Fue necesario que Stuart
Mill escribiera su ensayo “Del sometimiento de la mujer” y alzara la voz en el
Parlamento inglés en favor del voto femenino, en junio de 1866, para que Mrs
Fawcett organizara a las inglesas y Marie Deraismes a las francesas con
tentativas de emancipación, en manifestaciones que alzaron agudas voces
destempladas y recogieron ecos del chillido en varios idiomas a lo largo de
muchas décadas. Allí estaba Hubertine Auclert imprimiendo el periódico La Ciudadana,
Elizabeth Wolstenholme aullando que era la catecúmena de una nueva religión y
escribiendo una guía de educación sexual llamada “La flor humana”, la señora y
las señoritas Pankhurts decididas a ir a la cárcel y a ayunar, Anne Kenney,
Miss Malony y tantas otras. Nadie puede dejar de ver a Miss Matters, que
asciende en globo sobre Londres y la empapela con protestas de todos los
colores, balanceándose como una estrafalaria aparición a dos mil quinientos
pies de altura.
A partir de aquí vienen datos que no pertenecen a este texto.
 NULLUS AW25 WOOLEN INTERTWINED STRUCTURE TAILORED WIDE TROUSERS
Es en vano que se les conteste que la mujer debe optar entre
ser “ama de casa o cortesana”, “que se mantenga en su pedestal, que no
descienda”. Miss Matters no desciende, y las demás trepan a los pedestales de
las estatuas, agitan paraguas, banderas del color de la esperanza: queman casas,
levantan plataformas de cajones, apedrean a la policía. Claman por la unión
libre, por su derecho al cuarto oscuro y por sentarse en las bancas
parlamentarias.
Mientras tanto, algunas
señoras que padecían uniones forzadas salían de sus cuartos claros para ir a
sentarse en la sala de espera de algún médico. Se habían permitido tener “sensaciones
indebidas”, vergonzosas satisfacciones sexuales con sus escandalizados maridos.
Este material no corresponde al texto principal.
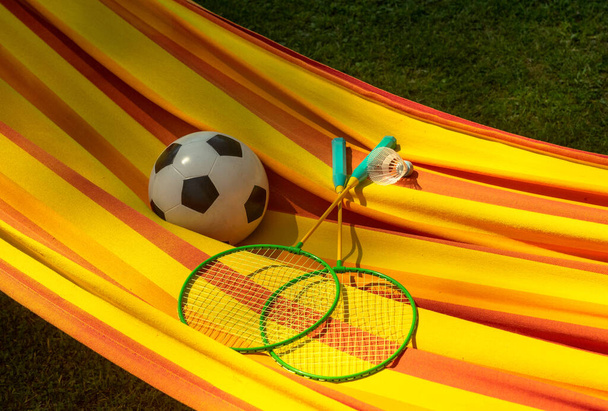badminton rackets and a soccer ball in a hammock - Photo, Image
El galeno aligeraba sus conciencias con alusión a algún remoto antepasado
bárbaro. Había que combatir la fuerza del ancestro, había que calmarla con
gimnasia, baños fríos y preocupaciones intelectuales.
¿Hacia
dónde vamos?
A la larga, las pedradas de
las sufragistas dieron en el blanco. La psicología liberó de las inhibiciones
las mentes femeninas. La fisiología autorizó plenamente las reacciones
naturales y hasta las que no lo son. Las universidades abrieron sus puertas y
les dejaron lugar en sus estrados. Los ministerios y las cortes de justicia las
adornaron con la severidad de sus investiduras. Las conquistas sociales les
reconocieron derechos equivalentes a los del hombre. Algunas han llegado a
gobernar. El progreso ha sido gradual.
Ahora las piedras llueven
cada vez con mayor virulencia. Las integrantes del Movimiento de Liberación
Femenina y otras agrupaciones análogas rompen las vidrieras de la pasividad,
del acatamiento, del conformismo y de la complicidad con el mundo patriarcal.
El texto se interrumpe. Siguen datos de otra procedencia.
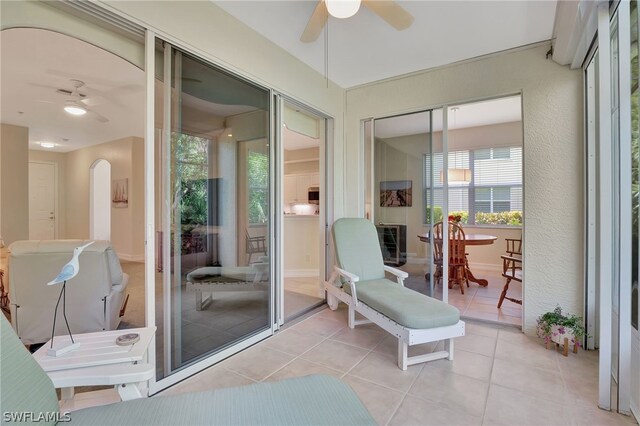 sunroom with arched walkways and ceiling fan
En Estados Unidos, en Inglaterra, en Alemania,en Bélgica, en Holanda y en los
países escandinavos “las mujeres infernales” queman corpiños, proclaman “la
libertad de sus vientres”, renuncian al trabajo doméstico, pisotean los
cosméticos, vociferan contra las tiras televisivas que exaltan el eterno
femenino y contra la publicidad erótica que las convierte en productos,
pellizcan las nalgas de los insolentes, derriban a los gendarmes con pases de
judo y de karate, exigen la jornada de veinte horas semanales y la equiparación
con los salarios masculinos.
¿Quién puede predecir los
resultados de esta lucha desaforada y a veces incongruente por una libertad y
una igualdad sin fraternidad?
El hombre es juez y parte.
La mujer también.
A falta de árbitros, tal vez
haya que apelar por fin al “ser humano”.